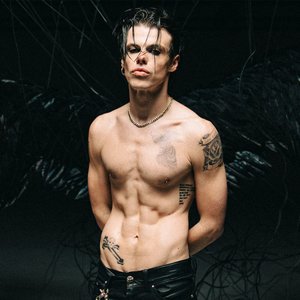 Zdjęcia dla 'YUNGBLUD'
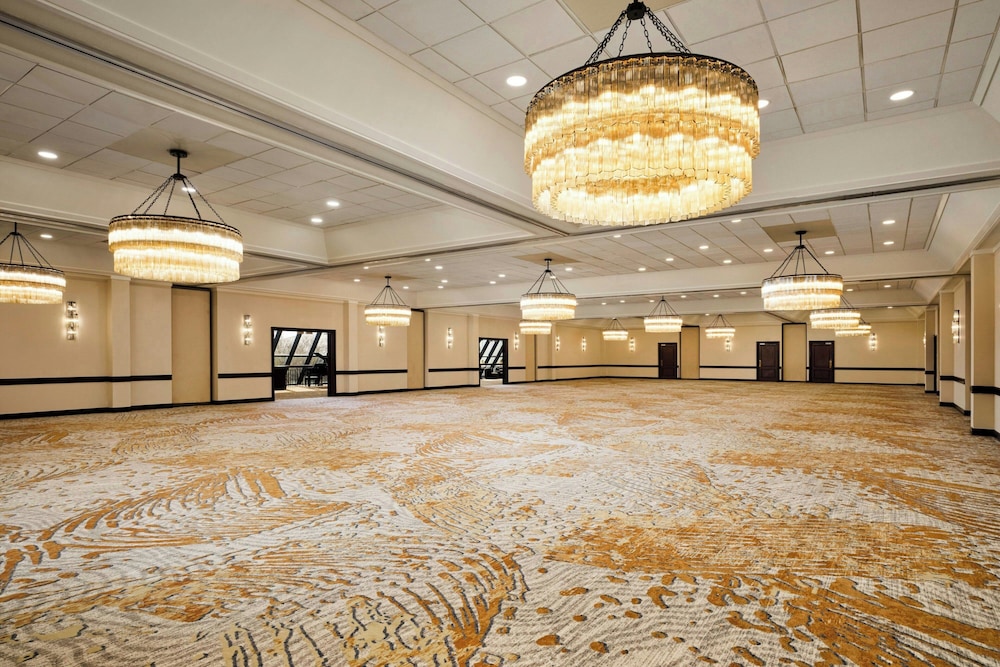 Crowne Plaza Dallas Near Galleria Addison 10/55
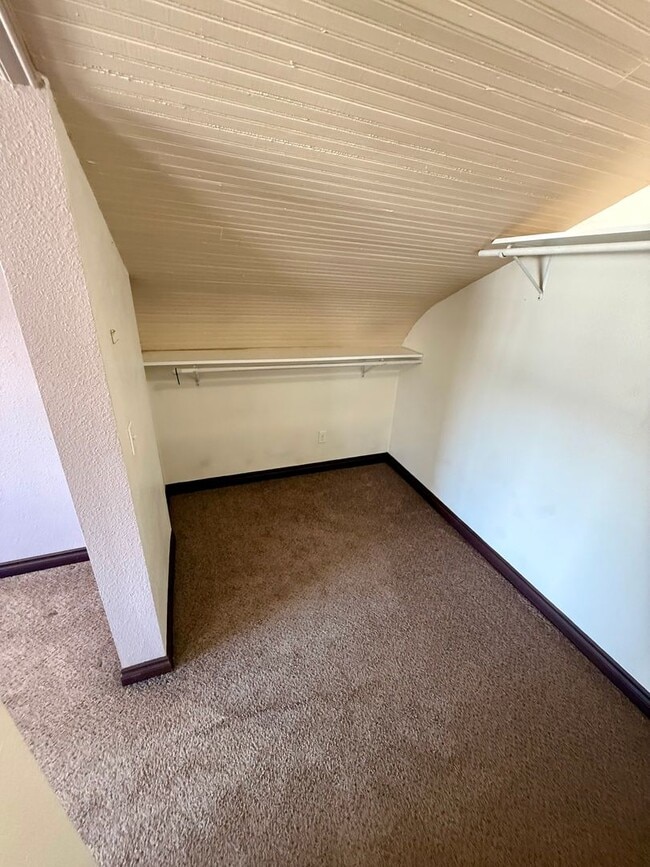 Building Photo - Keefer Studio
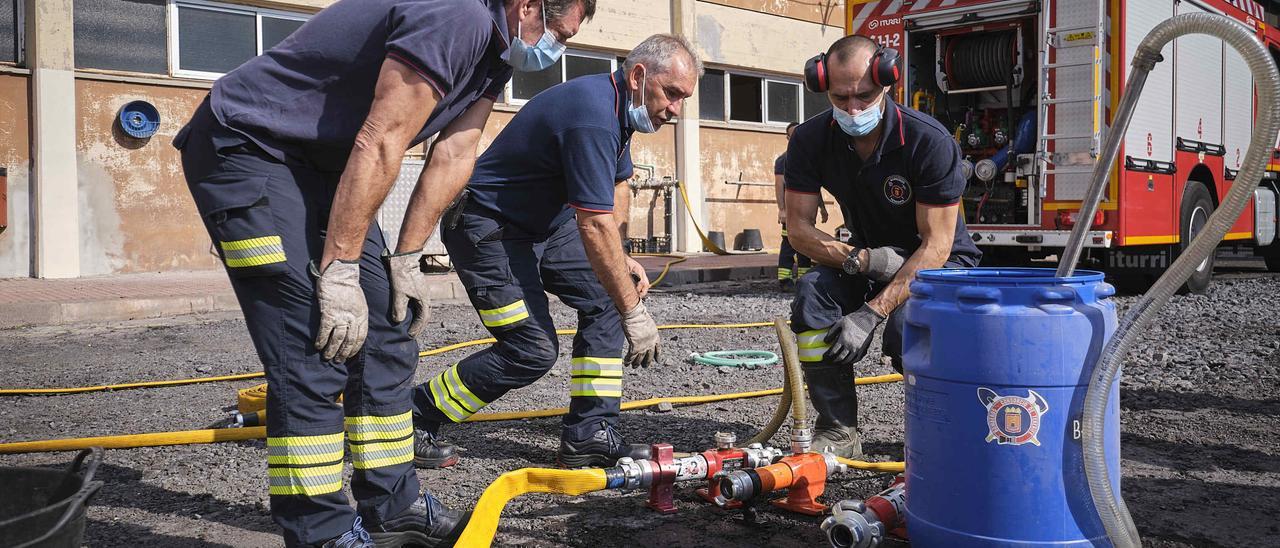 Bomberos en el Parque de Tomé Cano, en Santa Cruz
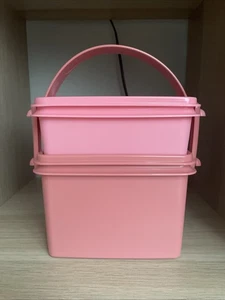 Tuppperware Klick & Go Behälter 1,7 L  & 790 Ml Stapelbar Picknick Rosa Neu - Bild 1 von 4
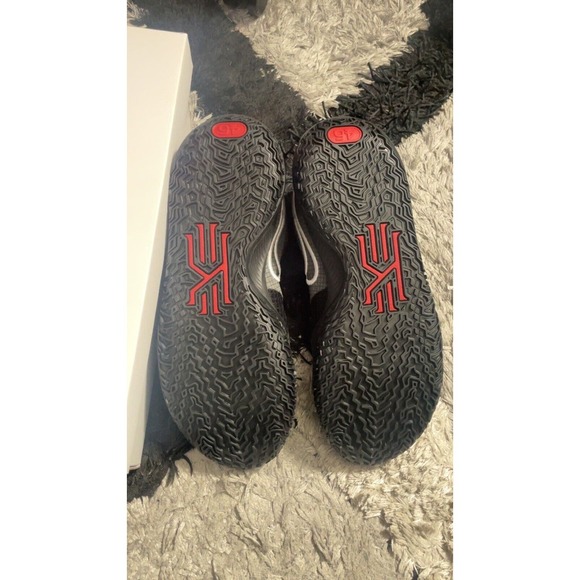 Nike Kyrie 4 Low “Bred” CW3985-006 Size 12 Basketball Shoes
——
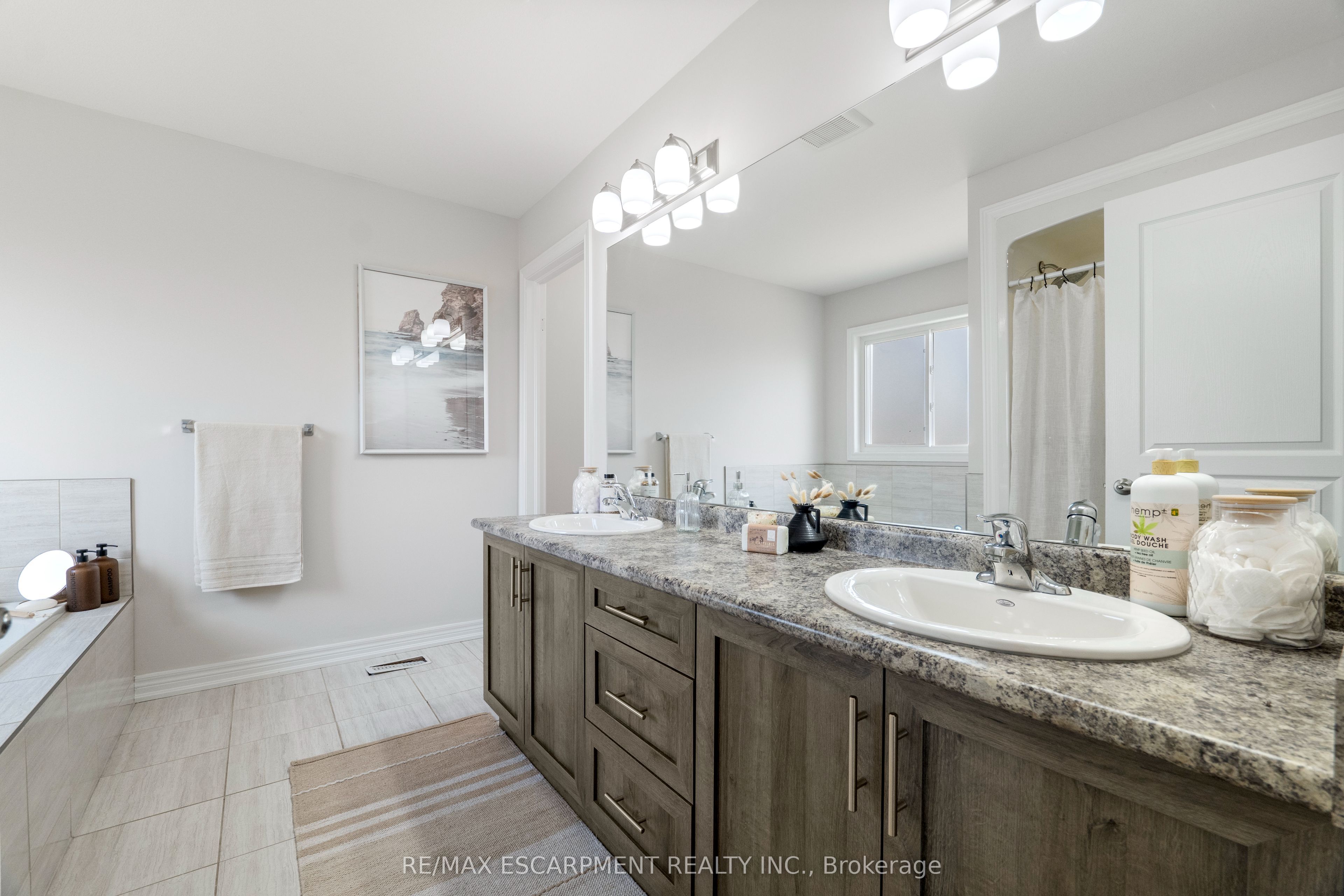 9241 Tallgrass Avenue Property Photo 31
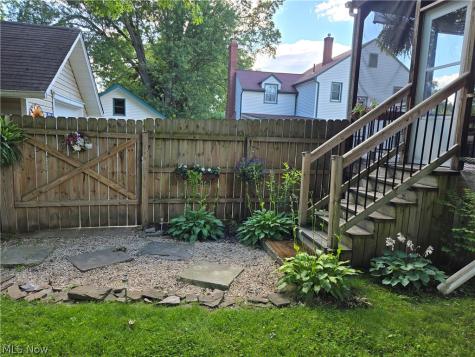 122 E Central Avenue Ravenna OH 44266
——
Work to complete:
Give again the lines of the listing above that run from the one with "Building Photo - Keefer Studio" up to and including the one with "Nike Kyrie 4". Keep them exact and omit the pictures.

Result of the task:
 Building Photo - Keefer Studio
 Bomberos en el Parque de Tomé Cano, en Santa Cruz
 Tuppperware Klick & Go Behälter 1,7 L  & 790 Ml Stapelbar Picknick Rosa Neu - Bild 1 von 4
 Nike Kyrie 4 Low “Bred” CW3985-006 Size 12 Basketball Shoes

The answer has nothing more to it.